On solving we get $Y=\frac{p+1}{2}$ and $N=\frac{1-p}{2}$ or $N=\frac{p-1}{2}$ depending upon what we take (Y+N) and (Y-N) as, and (N) and (Y) can easily be verified to be integers. Thus we can conclude that, there exists a solution for which (x) and (x+p) are perfect squares. There is another solution when $x=-N^2$ and $x+p=-Y^2$.

So there are $2$ solutions in total.

Answer 1

It it valid to state that whenever $x$ is a multiple of $p$ there is no solution.

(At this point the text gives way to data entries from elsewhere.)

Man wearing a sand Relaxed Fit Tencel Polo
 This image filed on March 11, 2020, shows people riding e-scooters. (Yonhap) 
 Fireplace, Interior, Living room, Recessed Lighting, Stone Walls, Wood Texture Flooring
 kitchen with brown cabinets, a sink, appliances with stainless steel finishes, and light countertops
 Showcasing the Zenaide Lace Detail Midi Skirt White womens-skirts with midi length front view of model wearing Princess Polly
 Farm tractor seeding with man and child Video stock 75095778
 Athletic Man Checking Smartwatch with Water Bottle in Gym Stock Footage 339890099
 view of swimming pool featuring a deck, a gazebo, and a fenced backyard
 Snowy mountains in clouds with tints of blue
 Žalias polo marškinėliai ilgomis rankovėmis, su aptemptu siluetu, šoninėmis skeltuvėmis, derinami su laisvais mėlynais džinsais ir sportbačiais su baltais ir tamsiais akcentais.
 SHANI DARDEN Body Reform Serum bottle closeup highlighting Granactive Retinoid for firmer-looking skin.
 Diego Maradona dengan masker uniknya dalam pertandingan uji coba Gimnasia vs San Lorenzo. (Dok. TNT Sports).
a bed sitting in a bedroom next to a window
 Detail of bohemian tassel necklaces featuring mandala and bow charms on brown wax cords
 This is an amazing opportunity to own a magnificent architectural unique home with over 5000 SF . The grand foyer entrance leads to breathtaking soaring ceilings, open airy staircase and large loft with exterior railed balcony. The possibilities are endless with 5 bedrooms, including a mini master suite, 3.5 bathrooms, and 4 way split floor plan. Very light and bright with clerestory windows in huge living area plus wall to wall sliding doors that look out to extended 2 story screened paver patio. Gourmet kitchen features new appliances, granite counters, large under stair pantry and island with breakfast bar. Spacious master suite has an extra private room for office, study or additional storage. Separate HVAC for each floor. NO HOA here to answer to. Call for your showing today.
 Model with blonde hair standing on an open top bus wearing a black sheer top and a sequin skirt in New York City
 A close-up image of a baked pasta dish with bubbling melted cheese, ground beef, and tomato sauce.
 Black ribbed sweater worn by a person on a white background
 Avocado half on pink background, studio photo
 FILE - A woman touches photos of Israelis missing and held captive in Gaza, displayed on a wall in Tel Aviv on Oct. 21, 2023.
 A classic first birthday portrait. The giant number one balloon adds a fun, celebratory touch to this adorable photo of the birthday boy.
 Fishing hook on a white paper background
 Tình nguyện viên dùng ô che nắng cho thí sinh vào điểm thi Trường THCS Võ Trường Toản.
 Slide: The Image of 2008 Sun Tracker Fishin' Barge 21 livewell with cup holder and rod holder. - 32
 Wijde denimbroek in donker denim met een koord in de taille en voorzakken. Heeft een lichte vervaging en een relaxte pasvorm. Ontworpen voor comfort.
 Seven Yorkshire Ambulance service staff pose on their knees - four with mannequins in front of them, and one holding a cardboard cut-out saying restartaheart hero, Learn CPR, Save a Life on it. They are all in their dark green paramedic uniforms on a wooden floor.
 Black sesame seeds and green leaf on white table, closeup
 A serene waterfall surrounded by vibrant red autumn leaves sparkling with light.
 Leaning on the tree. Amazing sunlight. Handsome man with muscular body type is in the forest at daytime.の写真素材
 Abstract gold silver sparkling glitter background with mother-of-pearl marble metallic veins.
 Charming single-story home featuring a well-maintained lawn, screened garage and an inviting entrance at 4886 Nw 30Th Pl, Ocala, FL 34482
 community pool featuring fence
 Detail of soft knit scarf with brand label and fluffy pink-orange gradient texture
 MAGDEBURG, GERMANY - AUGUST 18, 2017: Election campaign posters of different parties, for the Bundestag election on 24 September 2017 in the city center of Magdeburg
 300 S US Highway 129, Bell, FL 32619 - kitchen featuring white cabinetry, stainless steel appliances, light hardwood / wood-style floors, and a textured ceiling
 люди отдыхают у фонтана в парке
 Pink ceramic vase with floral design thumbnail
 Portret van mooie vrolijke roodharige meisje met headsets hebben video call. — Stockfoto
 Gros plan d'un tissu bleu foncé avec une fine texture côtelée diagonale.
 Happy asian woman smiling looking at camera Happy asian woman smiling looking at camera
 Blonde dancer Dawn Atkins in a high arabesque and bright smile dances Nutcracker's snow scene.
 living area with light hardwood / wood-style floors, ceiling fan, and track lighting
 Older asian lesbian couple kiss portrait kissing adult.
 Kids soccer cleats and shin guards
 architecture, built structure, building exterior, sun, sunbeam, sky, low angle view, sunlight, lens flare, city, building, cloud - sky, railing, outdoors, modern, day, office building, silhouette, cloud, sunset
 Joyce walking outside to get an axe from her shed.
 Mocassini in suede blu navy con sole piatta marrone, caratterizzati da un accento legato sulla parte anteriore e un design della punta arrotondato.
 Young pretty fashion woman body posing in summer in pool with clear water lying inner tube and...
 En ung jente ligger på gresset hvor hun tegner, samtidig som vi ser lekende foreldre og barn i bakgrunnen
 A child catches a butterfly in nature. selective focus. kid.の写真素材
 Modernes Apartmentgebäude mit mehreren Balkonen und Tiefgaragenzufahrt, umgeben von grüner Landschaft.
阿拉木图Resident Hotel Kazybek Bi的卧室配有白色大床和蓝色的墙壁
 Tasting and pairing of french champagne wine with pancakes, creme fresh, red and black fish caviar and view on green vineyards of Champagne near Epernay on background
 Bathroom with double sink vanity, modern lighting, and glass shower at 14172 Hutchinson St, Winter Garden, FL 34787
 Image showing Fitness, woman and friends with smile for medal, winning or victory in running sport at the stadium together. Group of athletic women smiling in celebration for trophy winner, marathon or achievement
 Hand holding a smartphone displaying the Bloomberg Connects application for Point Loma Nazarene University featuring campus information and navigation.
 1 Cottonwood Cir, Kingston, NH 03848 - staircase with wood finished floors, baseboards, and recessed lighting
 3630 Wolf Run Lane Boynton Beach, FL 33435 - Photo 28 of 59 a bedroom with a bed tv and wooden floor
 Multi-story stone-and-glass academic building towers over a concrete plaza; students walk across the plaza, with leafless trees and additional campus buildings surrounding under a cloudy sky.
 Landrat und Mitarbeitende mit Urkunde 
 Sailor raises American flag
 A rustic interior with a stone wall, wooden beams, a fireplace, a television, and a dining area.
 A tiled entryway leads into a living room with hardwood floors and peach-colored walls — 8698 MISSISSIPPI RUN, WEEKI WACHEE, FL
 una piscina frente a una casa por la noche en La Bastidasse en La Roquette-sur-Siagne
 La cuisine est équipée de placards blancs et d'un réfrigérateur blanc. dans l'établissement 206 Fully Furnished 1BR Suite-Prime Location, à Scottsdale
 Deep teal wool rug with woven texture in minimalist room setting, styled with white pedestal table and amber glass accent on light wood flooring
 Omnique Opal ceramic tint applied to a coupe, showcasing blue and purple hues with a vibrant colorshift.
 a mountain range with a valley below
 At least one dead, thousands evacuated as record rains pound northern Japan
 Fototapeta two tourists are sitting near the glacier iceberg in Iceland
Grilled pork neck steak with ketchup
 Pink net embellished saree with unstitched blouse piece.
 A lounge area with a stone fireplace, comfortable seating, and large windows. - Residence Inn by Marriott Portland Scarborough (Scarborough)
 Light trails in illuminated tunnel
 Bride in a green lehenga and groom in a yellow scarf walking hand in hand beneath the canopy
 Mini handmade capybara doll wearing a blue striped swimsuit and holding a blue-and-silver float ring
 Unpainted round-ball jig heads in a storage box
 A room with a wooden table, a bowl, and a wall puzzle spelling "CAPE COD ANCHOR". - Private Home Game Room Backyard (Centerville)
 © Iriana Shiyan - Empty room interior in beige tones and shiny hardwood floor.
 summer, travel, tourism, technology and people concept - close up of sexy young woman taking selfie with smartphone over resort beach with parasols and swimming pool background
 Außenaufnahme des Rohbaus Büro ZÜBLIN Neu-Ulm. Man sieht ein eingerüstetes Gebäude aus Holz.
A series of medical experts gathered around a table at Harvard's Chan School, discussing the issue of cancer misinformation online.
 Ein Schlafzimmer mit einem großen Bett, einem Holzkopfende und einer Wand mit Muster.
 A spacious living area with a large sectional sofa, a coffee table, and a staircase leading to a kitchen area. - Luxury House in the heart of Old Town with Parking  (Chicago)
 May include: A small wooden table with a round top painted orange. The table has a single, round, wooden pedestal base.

Next, whenever $x$ is not a multiple of $p$ $gcd(x,x+p)=1$.

As such, it follows that if $x$ and/or $x+p$ are imperfect squares, then there exists no solutions.

So,

$x=N^2$

$x+p=Y^2$

Answer 2

Suppose that $x(x + p) = y^2$. Then $y \equiv \pm x \pmod p$, so let $y = kp \pm x$ for some $k \in \mathbb{Z}$. We have $k^2p^2 \pm 2kpx + x^2 = x^2 + px$ so $k^2p = x(1 \pm 2k)$. By the Euclidean Algorithm, $(k,1 \pm 2k) = 1$, hence $k^2 | x$, which implies $x = k^2, -k^2, pk^2, \text{ or } -pk^2$.

• If $x = \pm p k^2$, then $x(x + p) = p^2 k^2 (k^2 \mp 1)$, only a perfect square if $k = 0$.
• If $x = \pm k^2$, then $x$ and $x + p$ are perfect squares, as you have already analyzed in your post.

Answer 3

If i go by your conventions, i was not able to directly understand your question. So i tried the question by myself and by my variables.

Let x be odd first.

So x is odd and x+p even. If x is not a perfect square, then x+p must be in form of (y^2)x where y is an integer.

So y= root of (p+x)/x. If p is not equal to x, y must be a fraction, which is not possible. So p is equal to x and S=(root of 2)*x, which is not an integer. So if x is odd then x must be a perfect square and so should be x+p.

Let x be some k^2 and x+p be h^2.

So h^2+p=k^2.

=>p=k^2-h^2=(h+k)(k-h).

Now if p is prime it must have 1 and the no. itself only as the factor. If you equate both h+k and k-h in seperate cases, you will get the same result where p is 2k-1. So h is k-1. So k is (p+1)/2 and h is (p-1)/2. So you get h and k for both even and odd conditions (the very first assumption i took). Since x is an integer, you also have -h and -k too as the answers.

Now if you take out S by h and k, you could get it in terms of p (which is

S=[(p^2)-1]/2.

Not only here you get S in terms of p (that means if x is a natural no. taken such that x is a perfect square then S has no relation to x since here h, p and k are interrelated.), but i think it is a lot simpler to understand.

)

I know this is a bit lengthy, but simple, but what fancy do you expect from a 15 year old?

But i am amazed to see how x comes out to be related to p if x is a perfect square.